We then need to create the database. This can be done with any database system, but to get a simple local database I decided to use SQLite. Once you’ve installed this you can do everything you need from the command-line (you can create the tables using a GUI tool such as SQLite Administrator, but you won’t be able to do the import using that tool – it’ll crash on large CSV files). To create a database simply run:
sqlite LandsatMetadata.sqlite
which will create a database file with that name, and then drop you in to the SQLite console. From here you can type any SQL commands (including those to create or modify tables, plus queries), plus SQLite commands which generally start with a . In this case, we need to create a table for the various columns we’ve chosen from our CSV. It is important here to make sure that the column names are exactly the same as those in the CSV, or the import command won’t work (you can change the names later with ALTER TABLE if needed). You can take the following SQL and modify it to your needs.
Just type this into the SQLite console and the table will be created. We now need to import the CSV file, and first we have to define what is used as the separator in the file. Obviously, for a CSV file, this is a comma, so we type:
.separator ,
And then to actually import the CSV file we simply type:
.import LANDSAT_ETM_Subset.csv images
That is, .import followed by the name of the CSV file and the name of the table to import into. Once this is finished – it may take a while – you can check that it imported all of the rows of the CSV file by running the following query to get the number of rows in the table:
SELECT COUNT() from images;
and you can compare that to the output of
wc -l LANDSAT_ETM_Subset.csv
which will count the lines in the original file.

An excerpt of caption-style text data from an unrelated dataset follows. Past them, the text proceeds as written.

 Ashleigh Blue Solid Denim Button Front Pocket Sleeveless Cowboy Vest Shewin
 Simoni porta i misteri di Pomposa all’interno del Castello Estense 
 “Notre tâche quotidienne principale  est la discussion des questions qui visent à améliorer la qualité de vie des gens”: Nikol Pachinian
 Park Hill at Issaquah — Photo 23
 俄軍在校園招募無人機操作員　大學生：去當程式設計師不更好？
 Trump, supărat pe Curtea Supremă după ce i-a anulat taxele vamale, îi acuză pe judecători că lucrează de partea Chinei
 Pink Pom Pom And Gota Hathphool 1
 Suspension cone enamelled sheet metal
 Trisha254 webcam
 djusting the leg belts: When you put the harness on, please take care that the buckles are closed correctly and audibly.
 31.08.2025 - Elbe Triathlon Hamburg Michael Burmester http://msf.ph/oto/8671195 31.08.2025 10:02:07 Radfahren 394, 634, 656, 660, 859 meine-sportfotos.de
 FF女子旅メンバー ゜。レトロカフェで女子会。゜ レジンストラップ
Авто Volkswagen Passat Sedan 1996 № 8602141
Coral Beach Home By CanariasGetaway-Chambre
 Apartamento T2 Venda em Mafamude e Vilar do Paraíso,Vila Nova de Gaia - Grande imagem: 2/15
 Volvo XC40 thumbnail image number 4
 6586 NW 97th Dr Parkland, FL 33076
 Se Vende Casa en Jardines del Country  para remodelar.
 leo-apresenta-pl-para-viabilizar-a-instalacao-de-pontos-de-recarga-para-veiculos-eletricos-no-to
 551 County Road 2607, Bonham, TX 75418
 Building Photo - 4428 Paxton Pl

Your data is now in the database and you’re almost done – there’s just one more thing to do. This involves changing how the dates and times are represented in the database, so you can query them easily. Still in the SQLite console, run:
UPDATE images
SET startTime=time(substr(images.sceneStartTime,10, length(images.sceneStartTime)));
And then…you’re all done! You can now select images using queries like:
SELECT * FROM images WHERE path=202 AND row=24
AND acquisitionDate > date("2002-03-17","-1 months")
AND acquisitionDate < date("2002-03-17","+1 months")
Once you’ve got the results from a query you’re interested in, you can simply create a text file with the sceneIDs for those images and use the Landsat Bulk Download Tool to download the images.